Digital representation of sound is not by square waves. There are no square waves in digital audio. There are square waves (before filtering) in inverters generating AC from DC but that’s a totally different story.
The sound level at a sampled point in time is represented by a numerical value in binary form. No sound is 0 and maximum sound level is the highest value possible with the number of bits used. The more bits (0’s or 1’s) are used to represent the numerical value (e.g. 24 vs 16) the better resolution is possible (discrimination between the closest sound levels). When we have 16 bits, we can have 2^16 distinct values, or sound levels, from 0 to 65535.
The sampling rate, or how frequently these numbers are sampled, defines the frequency response, or rather, what is the highest frequency that can be transmitted. For instance, CD sampling rate is 44,100 times (values) per second, and the highest frequency is around 20 kHz.
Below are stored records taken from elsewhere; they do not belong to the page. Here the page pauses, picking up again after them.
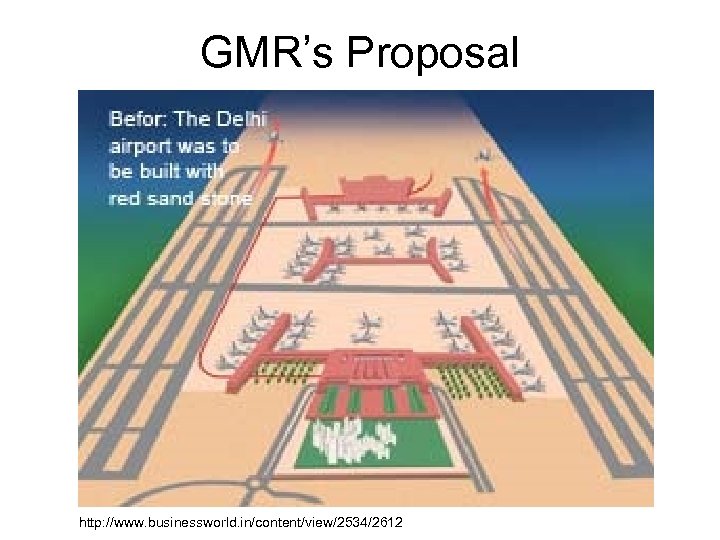 GMR’s Proposal http: //www. businessworld. in/content/view/2534/2612 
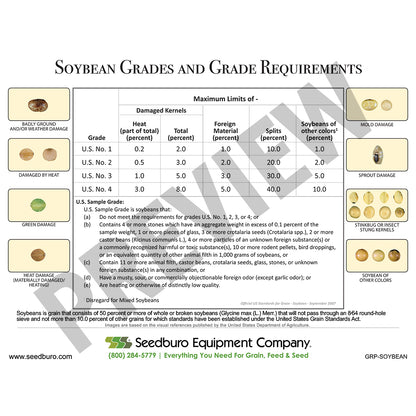 Grain Quality Posters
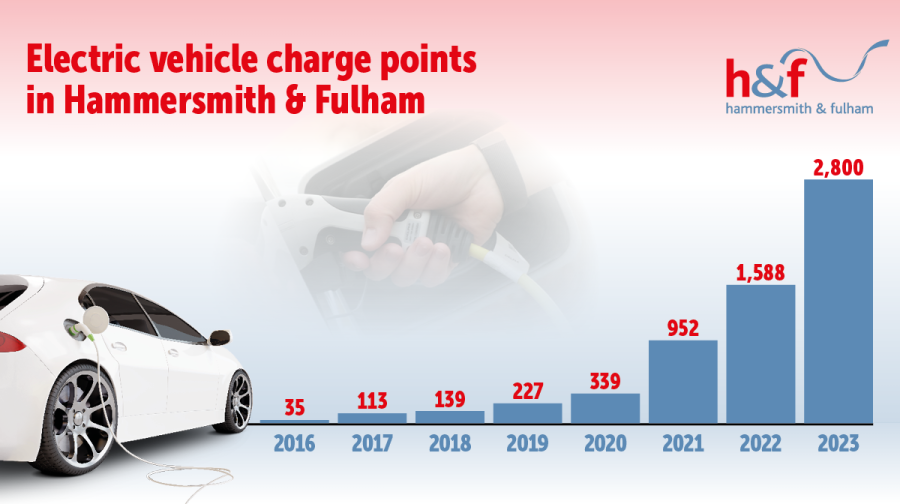 Infographic showing the increase in electric vehicle charge points in H&amp;F over the years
What you get in digital sound is a stream of numerical values in binary format which represent the sound level at each sampled point in time during the music. The frequency, or pitch of the sound, is determined by the fluctuation of consecutive numerical values. Converting these numerical values to analog voltages and "connecting" or "smoothing" them is done by the DAC. Digital transmission devices do not modify the numerical stream, only ensure it is received as it was sent or report errors.
For simplicity, if you use 4 bits, then 0001 = 1, and 1111 = 15. So 1000 (which = 8) is not greater by 1 vs 0000 (which = 0). The packet transfer protocols check for errors both in wifi and ethernet. If your wifi signal is strong and stable and you have sufficient bandwidth you get the same stream as via ethernet, otherwise you get drops or buffering.
For whatever it’s worth, there is a technical review of the UpTone Audio EtherRegen in audiosciencereview.com. You can look it up.